# Input data
◇ ◇ ◇

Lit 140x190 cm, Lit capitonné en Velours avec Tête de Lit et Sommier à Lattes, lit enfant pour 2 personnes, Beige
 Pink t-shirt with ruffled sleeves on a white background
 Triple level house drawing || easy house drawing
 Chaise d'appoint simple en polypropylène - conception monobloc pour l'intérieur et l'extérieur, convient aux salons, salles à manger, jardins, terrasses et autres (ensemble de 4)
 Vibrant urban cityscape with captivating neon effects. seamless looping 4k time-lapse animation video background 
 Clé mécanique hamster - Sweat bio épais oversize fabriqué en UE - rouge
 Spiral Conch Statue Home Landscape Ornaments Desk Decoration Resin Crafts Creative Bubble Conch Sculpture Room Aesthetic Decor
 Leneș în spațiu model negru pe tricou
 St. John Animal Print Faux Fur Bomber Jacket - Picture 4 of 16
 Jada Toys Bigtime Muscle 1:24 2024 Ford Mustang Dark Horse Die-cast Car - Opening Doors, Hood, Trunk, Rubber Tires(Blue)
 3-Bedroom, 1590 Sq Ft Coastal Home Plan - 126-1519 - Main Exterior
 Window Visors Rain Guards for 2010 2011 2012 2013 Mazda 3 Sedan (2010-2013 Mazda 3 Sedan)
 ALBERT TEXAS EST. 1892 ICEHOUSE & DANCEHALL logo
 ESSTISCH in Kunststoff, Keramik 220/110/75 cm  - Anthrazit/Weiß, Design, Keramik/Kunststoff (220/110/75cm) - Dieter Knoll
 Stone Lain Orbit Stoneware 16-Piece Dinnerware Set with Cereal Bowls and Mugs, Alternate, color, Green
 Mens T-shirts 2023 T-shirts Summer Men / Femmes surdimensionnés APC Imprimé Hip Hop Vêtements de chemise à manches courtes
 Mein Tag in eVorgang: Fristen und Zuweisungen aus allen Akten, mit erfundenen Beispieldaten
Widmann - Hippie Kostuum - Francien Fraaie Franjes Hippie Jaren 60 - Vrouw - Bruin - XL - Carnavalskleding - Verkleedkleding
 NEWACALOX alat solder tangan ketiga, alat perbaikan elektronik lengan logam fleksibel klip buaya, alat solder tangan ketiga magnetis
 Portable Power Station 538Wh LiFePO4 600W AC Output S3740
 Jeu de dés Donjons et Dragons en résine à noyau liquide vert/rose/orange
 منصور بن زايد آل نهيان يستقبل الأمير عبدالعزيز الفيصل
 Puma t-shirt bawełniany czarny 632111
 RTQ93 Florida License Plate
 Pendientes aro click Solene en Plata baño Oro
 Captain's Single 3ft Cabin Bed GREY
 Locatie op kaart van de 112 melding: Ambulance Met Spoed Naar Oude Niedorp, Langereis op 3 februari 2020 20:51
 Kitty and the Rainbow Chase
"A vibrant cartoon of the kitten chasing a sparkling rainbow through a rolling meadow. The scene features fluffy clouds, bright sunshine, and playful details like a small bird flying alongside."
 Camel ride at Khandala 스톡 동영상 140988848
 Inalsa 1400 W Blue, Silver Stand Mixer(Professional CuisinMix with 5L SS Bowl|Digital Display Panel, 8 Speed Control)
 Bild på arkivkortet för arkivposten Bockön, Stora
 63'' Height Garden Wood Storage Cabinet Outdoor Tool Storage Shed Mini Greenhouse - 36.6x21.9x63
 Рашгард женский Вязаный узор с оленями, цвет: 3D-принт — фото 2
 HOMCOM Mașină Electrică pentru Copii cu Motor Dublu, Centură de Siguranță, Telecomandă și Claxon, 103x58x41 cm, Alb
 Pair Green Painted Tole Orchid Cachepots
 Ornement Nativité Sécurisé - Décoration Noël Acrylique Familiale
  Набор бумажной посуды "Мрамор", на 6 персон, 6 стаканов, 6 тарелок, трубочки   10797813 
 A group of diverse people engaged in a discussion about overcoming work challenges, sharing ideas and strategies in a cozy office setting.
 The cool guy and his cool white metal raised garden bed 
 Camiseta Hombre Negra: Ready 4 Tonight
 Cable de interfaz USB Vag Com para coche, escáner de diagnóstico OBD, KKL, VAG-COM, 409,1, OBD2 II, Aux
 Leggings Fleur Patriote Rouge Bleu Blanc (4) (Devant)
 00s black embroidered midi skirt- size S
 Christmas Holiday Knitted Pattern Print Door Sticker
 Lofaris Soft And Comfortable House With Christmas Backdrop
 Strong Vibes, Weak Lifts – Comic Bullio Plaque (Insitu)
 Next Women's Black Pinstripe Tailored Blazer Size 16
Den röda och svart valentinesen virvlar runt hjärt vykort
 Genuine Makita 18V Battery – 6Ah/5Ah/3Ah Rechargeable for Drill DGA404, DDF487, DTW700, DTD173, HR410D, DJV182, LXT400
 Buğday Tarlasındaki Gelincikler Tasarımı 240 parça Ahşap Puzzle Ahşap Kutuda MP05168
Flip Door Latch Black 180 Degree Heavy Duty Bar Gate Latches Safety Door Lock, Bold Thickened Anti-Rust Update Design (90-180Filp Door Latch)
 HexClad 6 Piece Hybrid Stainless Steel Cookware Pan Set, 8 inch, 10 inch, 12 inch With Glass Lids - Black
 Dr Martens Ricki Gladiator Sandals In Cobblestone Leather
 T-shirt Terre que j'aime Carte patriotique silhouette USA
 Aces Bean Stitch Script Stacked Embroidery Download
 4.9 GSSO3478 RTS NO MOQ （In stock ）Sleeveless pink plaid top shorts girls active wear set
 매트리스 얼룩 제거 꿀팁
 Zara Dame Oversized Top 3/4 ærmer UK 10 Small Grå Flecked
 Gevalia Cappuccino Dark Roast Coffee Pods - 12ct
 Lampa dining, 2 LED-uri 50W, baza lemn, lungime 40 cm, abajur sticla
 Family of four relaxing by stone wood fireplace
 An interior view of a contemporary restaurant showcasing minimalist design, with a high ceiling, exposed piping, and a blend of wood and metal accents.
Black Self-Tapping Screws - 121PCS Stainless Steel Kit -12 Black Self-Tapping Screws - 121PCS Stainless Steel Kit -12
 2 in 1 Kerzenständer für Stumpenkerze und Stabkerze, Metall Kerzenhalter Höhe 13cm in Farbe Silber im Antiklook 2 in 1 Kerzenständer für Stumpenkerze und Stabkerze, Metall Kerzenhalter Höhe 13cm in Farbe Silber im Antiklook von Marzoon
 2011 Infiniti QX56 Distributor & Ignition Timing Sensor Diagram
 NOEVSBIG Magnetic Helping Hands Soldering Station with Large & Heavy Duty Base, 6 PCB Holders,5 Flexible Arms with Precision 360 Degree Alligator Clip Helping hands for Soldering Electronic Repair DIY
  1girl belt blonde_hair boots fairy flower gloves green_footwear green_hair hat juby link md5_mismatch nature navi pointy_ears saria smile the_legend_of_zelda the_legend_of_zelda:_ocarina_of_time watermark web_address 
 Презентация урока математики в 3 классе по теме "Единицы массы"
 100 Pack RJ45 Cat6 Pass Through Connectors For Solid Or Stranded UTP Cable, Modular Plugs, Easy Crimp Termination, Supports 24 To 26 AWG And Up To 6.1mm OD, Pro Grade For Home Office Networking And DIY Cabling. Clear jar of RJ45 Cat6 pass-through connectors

◇ ◇ ◇

Whenever the word "Dark" occurs in a line of the records, that line counts toward the total; state the total only.

2